The difficulty for the ECB is to translate these actions into macroeconomic activity. This is where the tension between prudential oversight of the banking system and macroeconomic stabilization becomes apparent. European regulators are pushing banks to build up their capital buffers and to use more (and better) collateral to underpin transactions. Such policies slow down the pace of banking activity. They also put the banks in competition with the ECB to purchase high quality (collateralizable) assets. This explains only part of the difficulty that the ECB is having with its accommodating monetary policy. As both bankers and central bankers are quick to point out, the weakness of European credit markets is more pronounced on the demand side than on the supply side. Nevertheless the monetary transmission channel is not working effectively.
That leaves the exchange rate as the principle mechanism for stimulating Europe’s economy. Each time the ECB loosens monetary policy, the euro falls in value relative to other currencies like the dollar. The hope is that this decline in the value of the euro will enhance the competitiveness of European exports. To the extent that works to bolster manufacturing and service sector activity, the effects should spill over into new borrowing and lending. Of course Europe’s gain is a loss for the rest of the world because the rise in net exports is also a fall in net imports from abroad. Therefore the question is whether Europe’s reliance on the exchange rate channel is only temporary or something more permanent – transforming the euro area into another China or Japan as a giant export-led growth economy.

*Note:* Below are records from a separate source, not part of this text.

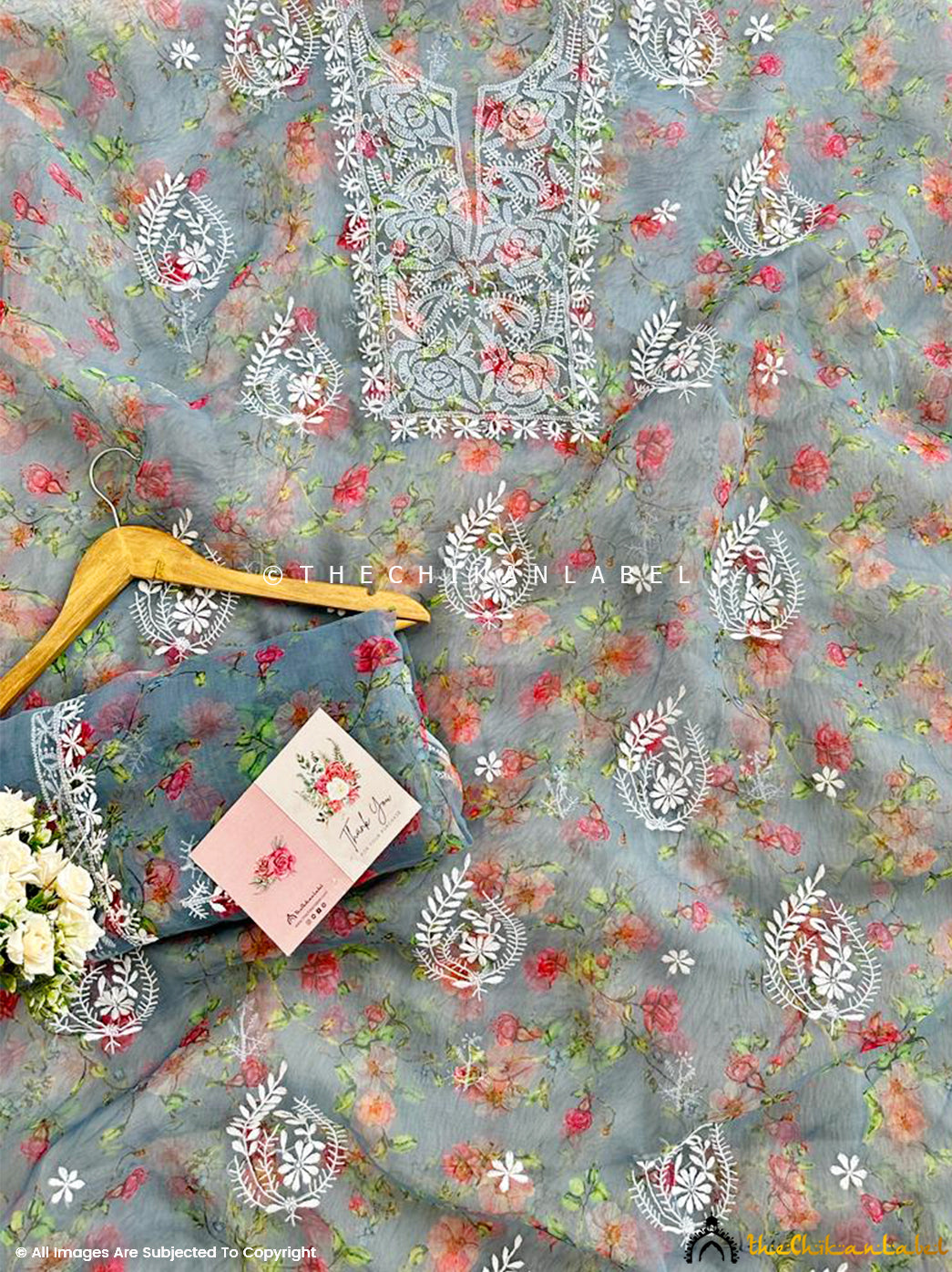 Grey Ahyana Un-stitched Printed Organza Chikankari Suit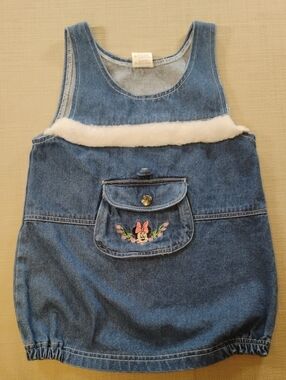 Girls 3T Vintage Minnie Mouse Denim  Pinafore Dress with Faux Fur Trim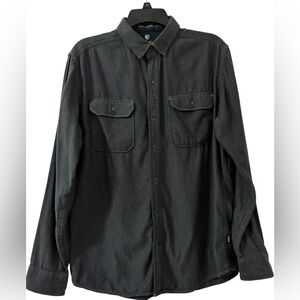 Kuhl Men's M Long Sleeve Button Up Shirt Black Outdoor Front Pockets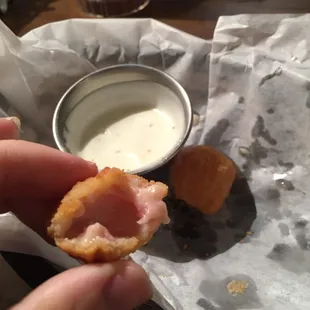 Ham and Swiss curds. Not worth the price for the quantity or quality. Skip these.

With all this activity, there is plenty of reason for controversy over monetary policy on both sides of the Atlantic and also in those central banks like the Bank of England that find themselves caught in between. The governors of the U.S. Federal Reserve worry that they might act too soon and so choke off recovery or too late and so reignite inflation. The members of the ECB’s Governing Council have the opposite concerns. The Bank of England’s Monetary Policy Committee members have similar preoccupations but worry also about how they will be affected by decisions taken in Washington and Frankfurt. Within this context it is hard for policymakers anywhere to announce what policy will look like in the short to medium-term with any high degree of commitment. Nevertheless it is possible to shape expectations in the markets and so to influence the level of activity today, in advance of any actual decision. That is why central bank governors are so often in the news.

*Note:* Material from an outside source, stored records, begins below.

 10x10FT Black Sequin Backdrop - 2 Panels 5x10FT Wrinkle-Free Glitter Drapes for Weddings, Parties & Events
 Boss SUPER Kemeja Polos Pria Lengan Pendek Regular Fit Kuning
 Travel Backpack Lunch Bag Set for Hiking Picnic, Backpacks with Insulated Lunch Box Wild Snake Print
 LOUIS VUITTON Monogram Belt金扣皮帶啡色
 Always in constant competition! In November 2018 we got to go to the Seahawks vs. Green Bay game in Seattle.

This talk policy is a powerful substitute for action. Nevertheless, it has the perverse effect of constraining monetary policymakers to live up to expectations. Once policies are ‘priced in’ by market participants, any disappointment of expectations has macroeconomic consequences because those same actors have to reposition themselves (buying and selling assets) once they learn that a promised policy action will not be forthcoming. This is good news for those policymakers who are skilled at shaping expectations because they are able to change the relative cost of a policy action before a decision is made. This is how Fed chair Janet Yellen has strengthened the presumption that the Open Markets Committee will vote to tighten rates; it is how Mario Draghi has strengthened the presumption that the ECB’s Governing Council will deepen its policy of accommodation; and it is how Bank of England governor Mark Carney reined in both hawks and doves on the Monetary Policy Committee to keep interest rates unchanged.

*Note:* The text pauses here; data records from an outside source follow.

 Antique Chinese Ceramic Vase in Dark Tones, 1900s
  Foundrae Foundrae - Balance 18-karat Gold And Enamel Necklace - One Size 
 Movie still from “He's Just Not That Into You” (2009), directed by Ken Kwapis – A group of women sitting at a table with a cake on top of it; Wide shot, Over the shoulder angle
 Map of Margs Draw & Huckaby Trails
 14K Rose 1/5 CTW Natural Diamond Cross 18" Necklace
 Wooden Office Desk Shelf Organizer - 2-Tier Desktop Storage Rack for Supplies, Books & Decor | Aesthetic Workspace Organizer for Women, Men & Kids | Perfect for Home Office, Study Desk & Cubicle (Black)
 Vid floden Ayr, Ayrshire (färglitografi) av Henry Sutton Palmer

The problem is that policymakers are binding themselves to future action at a time when they need to respond flexibly to a complex and changing pattern of macroeconomic interdependence. This is where the three different forms of divergence in central banking interact. The divergence in monetary policy commitments across the Atlantic is going to strengthen any exchange rate implications of a change in policy by the ECB even as the divergence between prudential oversight of banks and macroeconomic demand stabilization is slowing down the monetary transmission mechanism and forcing the ECB to focus more efforts on influencing the exchange rate. The unanswered question is whether the exchange rate channel remains effective as a source of macroeconomic stimulus – particularly when governments in other countries like China and Japan respond to the effects of change in the euro-dollar exchange rate. The risk of significant volatility in markets influenced by these dynamics is high.